++++ Supplied data

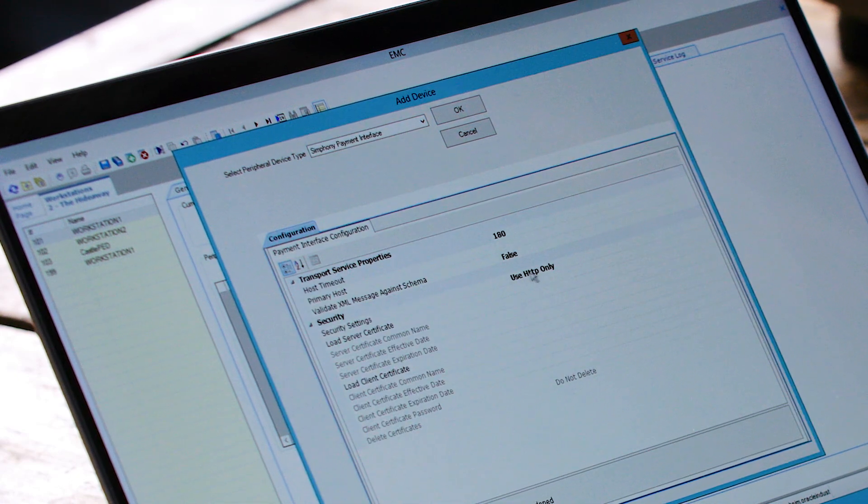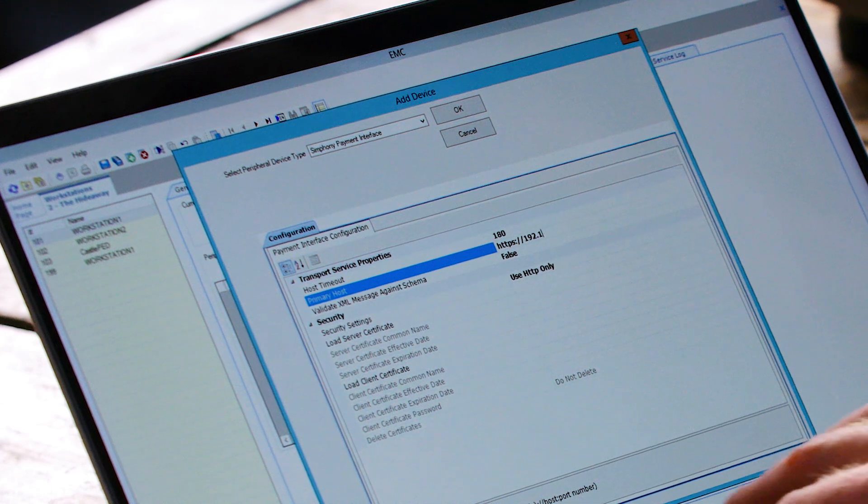We now need to configure the IP address of the primary host. So we type: HTTPS colon two slashes, then the IP address that we noted — for example 192.168.1.151 — then a colon, then 8443.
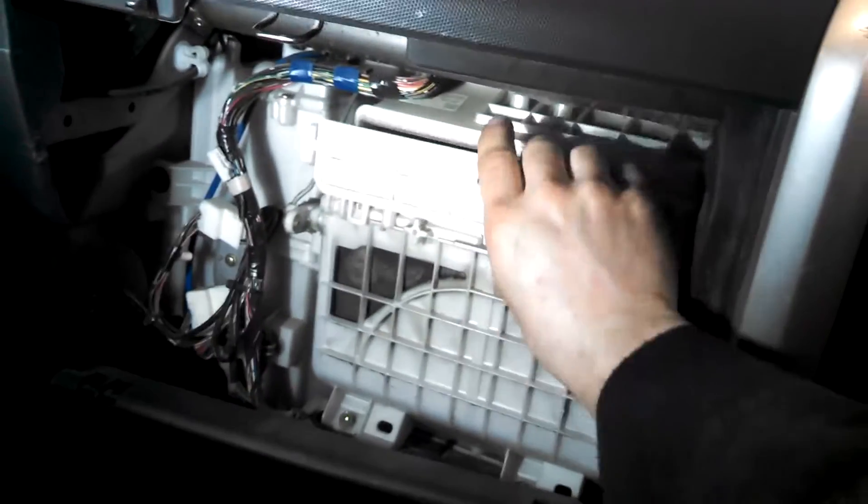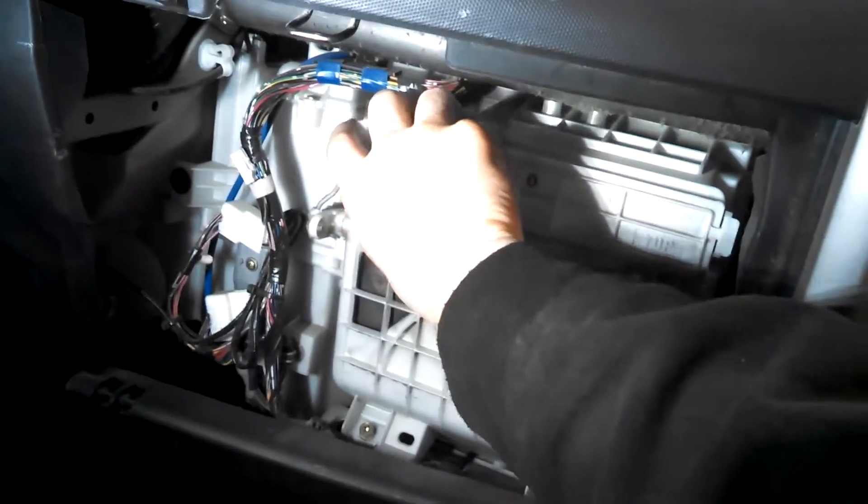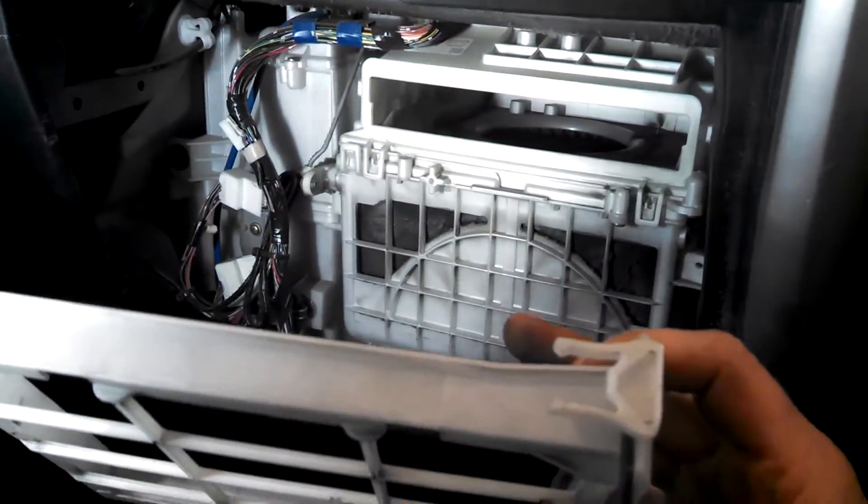I took out the cabin air filter assembly right here. There are some tabs on the side — you just squeeze on the tabs and it comes out. So that's off to the side, and you can see the blower motor inside there.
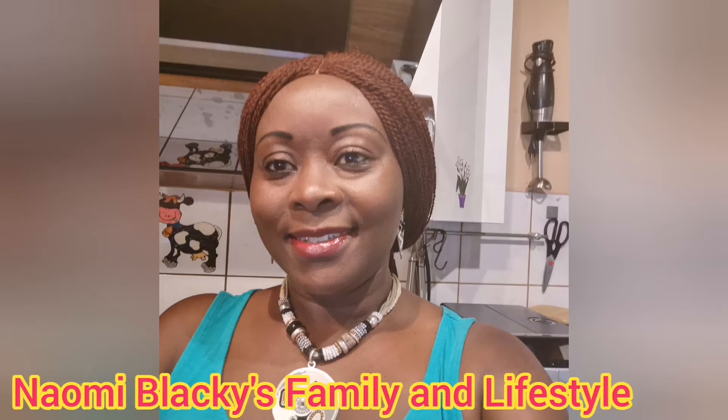Hi dear ones, welcome to Naomi Blackie's channel. Today I'll be doing this trending Dalgona coffee with a fluffy cream on top. I just have to try it and I can't wait to see it happen — enjoy watching!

++++++++

◆ Problem to work on: Return the listing above unaltered, omitting its pictures.

◆ Output for this task:
We now need to configure the IP address of the primary host. So we type: HTTPS colon two slashes, then the IP address that we noted — for example 192.168.1.151 — then a colon, then 8443.
I took out the cabin air filter assembly right here. There are some tabs on the side — you just squeeze on the tabs and it comes out. So that's off to the side, and you can see the blower motor inside there.
Hi dear ones, welcome to Naomi Blackie's channel. Today I'll be doing this trending Dalgona coffee with a fluffy cream on top. I just have to try it and I can't wait to see it happen — enjoy watching!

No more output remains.